**Material for the task:**
######

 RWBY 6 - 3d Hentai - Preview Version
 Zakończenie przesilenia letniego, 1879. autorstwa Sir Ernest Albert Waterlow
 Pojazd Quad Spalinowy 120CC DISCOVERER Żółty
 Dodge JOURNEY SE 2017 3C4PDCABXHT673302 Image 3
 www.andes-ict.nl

######

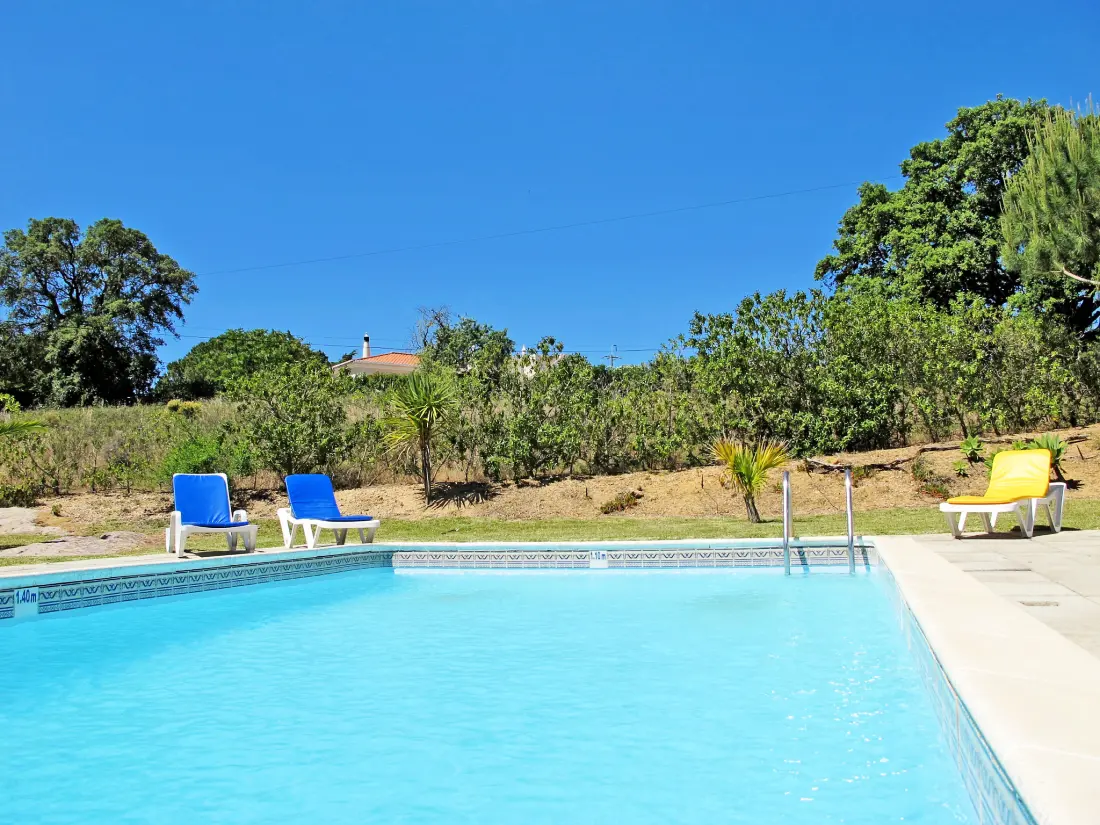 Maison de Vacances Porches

######

**About this exercise:**
Take the listing above and repeat exactly the lines from the one containing "RWBY 6 - 3d Hentai - Preview Version" through the one containing "www.andes-ict.nl", both included.

**Result of this exercise:**
 RWBY 6 - 3d Hentai - Preview Version
 Zakończenie przesilenia letniego, 1879. autorstwa Sir Ernest Albert Waterlow
 Pojazd Quad Spalinowy 120CC DISCOVERER Żółty
 Dodge JOURNEY SE 2017 3C4PDCABXHT673302 Image 3
 www.andes-ict.nl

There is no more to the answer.